Many of these pundits are getting it wrong, suggests congressional expert Steven S. Smith, Ph.D., one of the nation’s leading scholars of Senate politics and policymaking and the Kate M. Gregg Distinguished Professor of Social Sciences at Washington University in St. Louis.
“Over the past quarter century, a parliamentary arms race between the parties has emerged in the U.S. Senate,” says Smith, a professor of political science in Arts & Sciences and director of the university’s Murray Weidenbaum Center on the Economy, Government, and Public Policy.
“These developments have caused considerable confusion among senators, the media and the public about the Senate’s recent history. Filibusters, reconciliation, holds, unorthodox post-passage mechanisms and other developments have spurred waves of commentary, much of it inaccurate and ahistorical,” Smith says.
Reconciliation, the tactic Democrats are expected to use in a last-ditch effort to pass health-care reform, is just one of the many controversial congressional procedural maneuvers explained in Smith’s essay on “Partisanship and Procedural Battles in the U.S. Senate, 1960-2010.”
While Republicans now portray potential use of the reconciliation process as a ruthless power grab, Smith notes that the tactic has been used very successfully by Republican leaders such as Bob Dole, Trent Lott and Bill Frist.
The reconciliation process, provided for in the Budget Act of 1974, allows legislators to impose limits on debate and amendment-making to avoid filibusters on legislation providing tax cuts.
Adopted in the midst of budget battles with the Nixon Administration, these new parliamentary restrictions on the use of filibusters and other stalling tactics have “turned Senate procedures on their head,” Smith writes.
Since then, reconciliation has been used by both parties for a wide variety of legislation, including by Democratic congressional majorities in 1987 for the creation of federal nursing home standards and by Republican majorities in 1997 for the Children’s Health Insurance Program.
The precedent for passing measures that reduce revenues as reconciliation bills was established in 1996, when a Republican majority rejected a point of order raised by Sen. Tom Daschle, then the minority leader, on a party-line vote, Smith says.

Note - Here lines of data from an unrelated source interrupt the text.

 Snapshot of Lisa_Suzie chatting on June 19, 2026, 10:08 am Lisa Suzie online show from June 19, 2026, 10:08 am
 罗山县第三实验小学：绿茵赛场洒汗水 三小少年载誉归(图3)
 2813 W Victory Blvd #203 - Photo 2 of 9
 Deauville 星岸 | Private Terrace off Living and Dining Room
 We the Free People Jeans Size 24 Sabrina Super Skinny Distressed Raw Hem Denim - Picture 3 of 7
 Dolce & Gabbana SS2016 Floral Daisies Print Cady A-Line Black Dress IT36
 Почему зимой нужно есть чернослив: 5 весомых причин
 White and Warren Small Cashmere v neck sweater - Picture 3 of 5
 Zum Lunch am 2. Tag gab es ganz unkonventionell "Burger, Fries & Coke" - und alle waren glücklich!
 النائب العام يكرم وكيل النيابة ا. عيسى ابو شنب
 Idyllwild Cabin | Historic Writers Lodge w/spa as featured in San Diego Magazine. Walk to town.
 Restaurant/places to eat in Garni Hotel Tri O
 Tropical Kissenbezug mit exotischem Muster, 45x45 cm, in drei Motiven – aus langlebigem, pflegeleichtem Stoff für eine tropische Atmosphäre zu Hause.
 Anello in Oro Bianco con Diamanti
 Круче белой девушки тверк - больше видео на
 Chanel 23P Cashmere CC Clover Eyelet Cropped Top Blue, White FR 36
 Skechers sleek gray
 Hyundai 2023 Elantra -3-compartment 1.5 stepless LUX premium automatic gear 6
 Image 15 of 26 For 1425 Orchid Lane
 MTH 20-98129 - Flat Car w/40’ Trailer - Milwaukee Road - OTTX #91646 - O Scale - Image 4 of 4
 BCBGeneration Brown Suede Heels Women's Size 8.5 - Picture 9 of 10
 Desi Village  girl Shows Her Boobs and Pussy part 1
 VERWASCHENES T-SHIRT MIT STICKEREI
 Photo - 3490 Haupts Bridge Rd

It’s also noteworthy, says Smith, that the Clinton White House considered using reconciliation for health care reform in the 103rd Congress (1993-1994), but the idea was dismissed as impractical. Tax bills taken up as reconciliation measures were vetoed by President Bill Clinton in 1999 and 2000.
Republicans once again resorted to the use of reconciliation in 2001 to avoid filibusters on one of their key legislative agenda items — large tax cuts proposed by the Bush Administration. With the Senate split 50-50 between the parties and the Republican vice president giving the Republicans official majority status, the Republicans authorized separate reconciliation bills for tax cuts in the budget resolution.
Republicans used the reconciliation process once again in 2003 to push through more tax legislation, Smith says.
While current news is focused on potential use of the reconciliation process to push through health-care reform, Smith contends that all of the ongoing parliamentary battles in Congress are spurred in some form by efforts to circumvent the Senate’s most distinctive rule, Rule XXII.
Also known as the cloture rule, Rule XXII is the key process that allows a large minority of senators to block votes on most legislative matters.
Consequently, Smith says, the most important developments in the modern procedural history of the Senate involve efforts to deploy, adapt, reform or circumvent the super-majority requirements for cloture under Rule XXII, which in the absence of unanimous consent, requires a super-majority of senators to support a cloture motion to impose limits on debates and amendments.
“The result of the arms race is a procedural environment that is more complex than the environment several decades ago,” Smith says. “It is an environment that requires strategists to be far more expert in parliamentary rules and precedents, encourages more gamesmanship by senators and their parties, and intensifies frustration with the Senate among both insiders and outsiders.”